CS30 - Spring 2015 - Class 23

Lecture notes

  • admin
       - assignment 10
       - lab tomorrow
          - will play NIM a bit
          - then work on assignment

       - NIM tournament in class next Tuesday

  • talk at a high level about theoretical models of computation

  • deterministic finite automata (DFA)
       - defined by 5 components
          1) a set of states Q
          2) the alphabet \sigma
          3) q_0 \in Q, the start state
          4) F subset Q, the accepting (or final) states
          5) the transitions between states
             - (Q x \sigma -> Q)
             - a transition for each state for each letter in the alphabet to some other state
             

       - a simple (but fairly powerful) model of computation

  • some DFA examples (found in DFA_examples)
       - no_a: Strings of a's and b's with no a's
          - b*
       
       - even_a: Strings of a's with an even number of a's
          - (aa)*

       - 5a: Strings with a's that are multiples of 5
          - (aaaaa)*

       - one_a: Strings with only one a
          - b*ab*

       - start_a: all strings that start with a
          - a(a|b)*

       - start_end: Strings that start and end with the same letter
          - (a(a|b)*a)|(b(a|b)*b)|a|b

       - odd: odd length strings
          - (a|b)((a|b)(a|b))*

       - two_a: strings with two or more a's
          - (a|b)*a(a|b)*a(a|b)*

       - two_exact_a: strings with exactly two a's
          - b*ab*ab*

       - ab: some number of repetitions of ab
          - (ab)*

  • non-deterministic finite automata (NFA)
       - almost identical definition to DFA except:
          - can have epsilon (or sometimes called lambda) transitions from one state to another
             - doesn't read anything from the input, just transitions
          
          - for a given state and input, can go to two or more states (rather than just a single one for DFAs)
          
          - do not require that there is a transition for every alphabet letter for every state
             - if you encounter a state without a transition for a particular letter, it does not accept

       - tend to be a bit easier to work with than DFAs

       - NFA's do not actually have any more expressive power
          - in particular, for any NFA, there is a corresponding DFA that accepts the same language (i.e. same set of strings)

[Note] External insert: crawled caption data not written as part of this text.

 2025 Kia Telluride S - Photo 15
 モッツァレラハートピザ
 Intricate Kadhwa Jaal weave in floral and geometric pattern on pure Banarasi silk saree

  • some NFA examples (found in NFA_examples)
       - start_end_a: start and end with a
          - a(a|b)*a

       - 2_or_3_a: strings of a's that have lengths divisible by 2 OR 3
          - (aa)*|(aaa)*

       - end_aa: ends in two a's
          - (a|b)*aa

       - aa_bb: has either aa or bb as a substring
          - (a|b)*(aa|bb)(a|b)*

  • regular language
       - any language that can be described by a DFA (or an NFA)
       - any language that can be described by a regular expression!
    •